- EXERCISE:
Transcribe every record verbatim.
━━━━━ EXTRACTED DATA ━━━━━
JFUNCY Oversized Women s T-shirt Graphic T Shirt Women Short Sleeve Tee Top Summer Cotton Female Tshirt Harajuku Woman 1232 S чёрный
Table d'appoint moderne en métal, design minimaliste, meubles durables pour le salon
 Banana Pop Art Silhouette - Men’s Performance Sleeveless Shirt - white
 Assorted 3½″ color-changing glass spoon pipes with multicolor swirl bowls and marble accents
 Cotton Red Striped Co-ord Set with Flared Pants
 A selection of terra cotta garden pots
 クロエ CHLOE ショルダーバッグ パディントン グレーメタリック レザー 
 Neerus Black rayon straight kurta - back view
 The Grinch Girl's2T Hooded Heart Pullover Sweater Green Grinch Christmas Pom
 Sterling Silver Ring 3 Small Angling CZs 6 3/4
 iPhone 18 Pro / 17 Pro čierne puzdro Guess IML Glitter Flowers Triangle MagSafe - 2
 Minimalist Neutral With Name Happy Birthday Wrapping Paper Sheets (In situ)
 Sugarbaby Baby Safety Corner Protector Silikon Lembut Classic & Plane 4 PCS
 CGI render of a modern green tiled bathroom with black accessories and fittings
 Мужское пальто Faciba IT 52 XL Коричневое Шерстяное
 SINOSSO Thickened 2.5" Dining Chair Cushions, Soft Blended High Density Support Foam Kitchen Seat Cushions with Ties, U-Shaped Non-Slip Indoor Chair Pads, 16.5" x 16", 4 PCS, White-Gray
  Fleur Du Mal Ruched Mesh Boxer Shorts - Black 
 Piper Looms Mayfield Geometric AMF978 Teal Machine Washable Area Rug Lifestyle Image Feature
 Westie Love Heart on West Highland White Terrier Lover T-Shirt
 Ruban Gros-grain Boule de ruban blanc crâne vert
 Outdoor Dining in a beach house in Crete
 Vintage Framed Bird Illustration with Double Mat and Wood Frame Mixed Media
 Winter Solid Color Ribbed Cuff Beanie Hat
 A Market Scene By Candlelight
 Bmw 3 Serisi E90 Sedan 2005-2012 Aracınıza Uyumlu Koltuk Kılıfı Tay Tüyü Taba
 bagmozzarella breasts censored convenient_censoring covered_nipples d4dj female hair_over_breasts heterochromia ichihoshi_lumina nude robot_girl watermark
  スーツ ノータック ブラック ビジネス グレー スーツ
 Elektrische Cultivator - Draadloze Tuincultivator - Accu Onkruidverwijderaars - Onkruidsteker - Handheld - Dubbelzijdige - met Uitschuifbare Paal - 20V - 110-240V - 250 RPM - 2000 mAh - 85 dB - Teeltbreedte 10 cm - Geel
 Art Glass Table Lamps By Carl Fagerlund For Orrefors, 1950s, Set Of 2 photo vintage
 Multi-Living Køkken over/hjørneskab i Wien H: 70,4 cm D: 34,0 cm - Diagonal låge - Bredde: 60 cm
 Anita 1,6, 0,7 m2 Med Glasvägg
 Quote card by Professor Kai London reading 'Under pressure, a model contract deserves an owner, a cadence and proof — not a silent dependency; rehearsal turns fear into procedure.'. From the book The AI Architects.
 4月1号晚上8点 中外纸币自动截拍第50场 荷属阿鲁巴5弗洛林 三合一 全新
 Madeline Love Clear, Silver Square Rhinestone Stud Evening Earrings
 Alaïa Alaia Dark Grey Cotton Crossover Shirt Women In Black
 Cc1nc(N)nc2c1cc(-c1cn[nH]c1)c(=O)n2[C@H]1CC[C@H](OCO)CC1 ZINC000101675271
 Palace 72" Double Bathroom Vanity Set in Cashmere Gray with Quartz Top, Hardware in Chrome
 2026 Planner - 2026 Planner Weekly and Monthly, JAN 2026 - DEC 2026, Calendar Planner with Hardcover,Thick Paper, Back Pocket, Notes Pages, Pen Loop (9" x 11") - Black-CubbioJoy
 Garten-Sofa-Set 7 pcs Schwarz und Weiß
━━━━━
- YOUR RESPONSE:
JFUNCY Oversized Women s T-shirt Graphic T Shirt Women Short Sleeve Tee Top Summer Cotton Female Tshirt Harajuku Woman 1232 S чёрный
Table d'appoint moderne en métal, design minimaliste, meubles durables pour le salon
 Banana Pop Art Silhouette - Men’s Performance Sleeveless Shirt - white
 Assorted 3½″ color-changing glass spoon pipes with multicolor swirl bowls and marble accents
 Cotton Red Striped Co-ord Set with Flared Pants
 A selection of terra cotta garden pots
 クロエ CHLOE ショルダーバッグ パディントン グレーメタリック レザー 
 Neerus Black rayon straight kurta - back view
 The Grinch Girl's2T Hooded Heart Pullover Sweater Green Grinch Christmas Pom
 Sterling Silver Ring 3 Small Angling CZs 6 3/4
 iPhone 18 Pro / 17 Pro čierne puzdro Guess IML Glitter Flowers Triangle MagSafe - 2
 Minimalist Neutral With Name Happy Birthday Wrapping Paper Sheets (In situ)
 Sugarbaby Baby Safety Corner Protector Silikon Lembut Classic & Plane 4 PCS
 CGI render of a modern green tiled bathroom with black accessories and fittings
 Мужское пальто Faciba IT 52 XL Коричневое Шерстяное
 SINOSSO Thickened 2.5" Dining Chair Cushions, Soft Blended High Density Support Foam Kitchen Seat Cushions with Ties, U-Shaped Non-Slip Indoor Chair Pads, 16.5" x 16", 4 PCS, White-Gray
  Fleur Du Mal Ruched Mesh Boxer Shorts - Black 
 Piper Looms Mayfield Geometric AMF978 Teal Machine Washable Area Rug Lifestyle Image Feature
 Westie Love Heart on West Highland White Terrier Lover T-Shirt
 Ruban Gros-grain Boule de ruban blanc crâne vert
 Outdoor Dining in a beach house in Crete
 Vintage Framed Bird Illustration with Double Mat and Wood Frame Mixed Media
 Winter Solid Color Ribbed Cuff Beanie Hat
 A Market Scene By Candlelight
 Bmw 3 Serisi E90 Sedan 2005-2012 Aracınıza Uyumlu Koltuk Kılıfı Tay Tüyü Taba
 bagmozzarella breasts censored convenient_censoring covered_nipples d4dj female hair_over_breasts heterochromia ichihoshi_lumina nude robot_girl watermark
  スーツ ノータック ブラック ビジネス グレー スーツ
 Elektrische Cultivator - Draadloze Tuincultivator - Accu Onkruidverwijderaars - Onkruidsteker - Handheld - Dubbelzijdige - met Uitschuifbare Paal - 20V - 110-240V - 250 RPM - 2000 mAh - 85 dB - Teeltbreedte 10 cm - Geel
 Art Glass Table Lamps By Carl Fagerlund For Orrefors, 1950s, Set Of 2 photo vintage
 Multi-Living Køkken over/hjørneskab i Wien H: 70,4 cm D: 34,0 cm - Diagonal låge - Bredde: 60 cm
 Anita 1,6, 0,7 m2 Med Glasvägg
 Quote card by Professor Kai London reading 'Under pressure, a model contract deserves an owner, a cadence and proof — not a silent dependency; rehearsal turns fear into procedure.'. From the book The AI Architects.
 4月1号晚上8点 中外纸币自动截拍第50场 荷属阿鲁巴5弗洛林 三合一 全新
 Madeline Love Clear, Silver Square Rhinestone Stud Evening Earrings
 Alaïa Alaia Dark Grey Cotton Crossover Shirt Women In Black
 Cc1nc(N)nc2c1cc(-c1cn[nH]c1)c(=O)n2[C@H]1CC[C@H](OCO)CC1 ZINC000101675271
 Palace 72" Double Bathroom Vanity Set in Cashmere Gray with Quartz Top, Hardware in Chrome
 2026 Planner - 2026 Planner Weekly and Monthly, JAN 2026 - DEC 2026, Calendar Planner with Hardcover,Thick Paper, Back Pocket, Notes Pages, Pen Loop (9" x 11") - Black-CubbioJoy
 Garten-Sofa-Set 7 pcs Schwarz und Weiß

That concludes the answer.